In this case, both "foo" and "bar" have to be in the same field (but not adjacent or in order) to match.

The Actual Solution

What we need to use is "named selectors" to let us match each individual keyword separately while still using one selector.

Using the same example as before:

$selector = "selector1=(title|field_a|field_b~=foo), selector2=(title|field_a|field_b~=bar)";

What the selector is saying at its most basic level:

FIND BOTH selector1 AND selector2

Or, to expand on this, it is saying:

(FIND "foo" IN title OR field_a OR field_b)
AND
(FIND "bar" IN title OR field_a OR field_b)

Crucially, "foo" and "bar" do not have to be in the same field to match.

Practical Method

In this example code, I am actually allowing the search for phrases (using "quoted text") as well as individual terms, so a person could enter...

"foo bar" baz

... and it will keep "foo bar" together aa one term and "baz" as a separate term and match them as an exact phrase.

// Keywords obtained from $input->get and cleaned (multiple spaces removed)/sanitized etc.
$keywords = '"foo bar" baz';

// Split into individual search terms by space (preserve spaces in quoted text)
$terms = str_getcsv($keywords, " "); // array("foo bar", "baz")

// Build up named selectors
$ns = ""; // named selectors string
$i=1; // named selector count

foreach ($terms as $term) {
    // operator '*=' - contains the exact word or phrase
    $ns .= ", ns{$i}=(title|field_a|field_b*=" . trim($term) . ")";
    $i++;
}
//$ns = ", ns1=(title|field_a|field_b*=foo bar), ns2=(title|field_a|field_b*=baz)"

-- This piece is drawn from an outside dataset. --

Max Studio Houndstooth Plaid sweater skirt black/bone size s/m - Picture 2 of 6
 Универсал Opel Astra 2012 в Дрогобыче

// Construct the whole selector (modify/add other general selectors as needed)
$selector = "template=my-template, limit=20, sort=-date" . $ns;

// Find pages based on selector
$results = $pages->find($selector);

 

DISCLAIMER

I haven't done any tests to see if this method is more efficient than running queries on each field separately and combining the results, I just wanted to see if it was possible!

  • Like 6

Share this post


Link to post
Share on other sites

I think you can also do:

$selector = "title|field_a|field_b~=foo|bar";

 

Share this post


Link to post
Share on other sites
1 hour ago, Tom. said:

I think you can also do:


$selector = "title|field_a|field_b~=foo|bar";

 

Not quite, that would return pages where only ONE of the search terms is present in any of the fields ("foo" OR "bar").

FIND EITHER "foo" OR "bar" IN title
OR
FIND EITHER "foo" OR "bar" IN field_a
OR
FIND EITHER "foo" OR "bar" IN field_b

So it would match a page where only "foo" is contained in any (or all) of the fields -- but "bar" must also be present somewhere.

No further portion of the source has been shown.